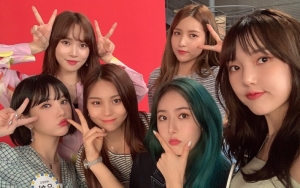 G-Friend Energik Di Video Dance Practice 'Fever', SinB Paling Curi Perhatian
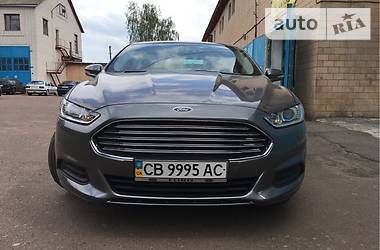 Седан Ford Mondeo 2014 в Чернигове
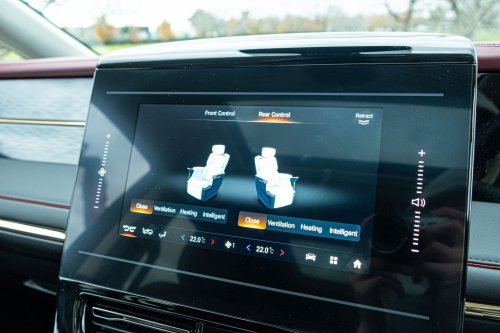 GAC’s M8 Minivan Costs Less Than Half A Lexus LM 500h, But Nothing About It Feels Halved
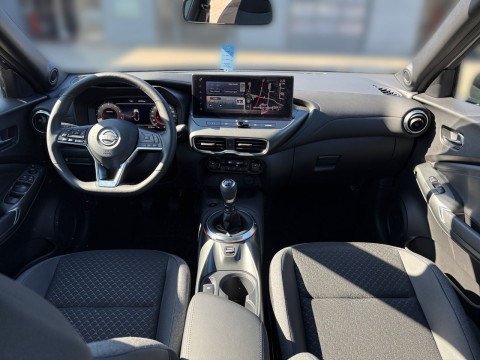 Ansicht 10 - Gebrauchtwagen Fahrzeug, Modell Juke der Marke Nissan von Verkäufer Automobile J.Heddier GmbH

▶ _PROBLEM REQUIREMENTS_
Return the material above exactly; the images stay out.

▶ _OUTPUT OF THE EXERCISE_
 G-Friend Energik Di Video Dance Practice 'Fever', SinB Paling Curi Perhatian
 Седан Ford Mondeo 2014 в Чернигове
 GAC’s M8 Minivan Costs Less Than Half A Lexus LM 500h, But Nothing About It Feels Halved
 Ansicht 10 - Gebrauchtwagen Fahrzeug, Modell Juke der Marke Nissan von Verkäufer Automobile J.Heddier GmbH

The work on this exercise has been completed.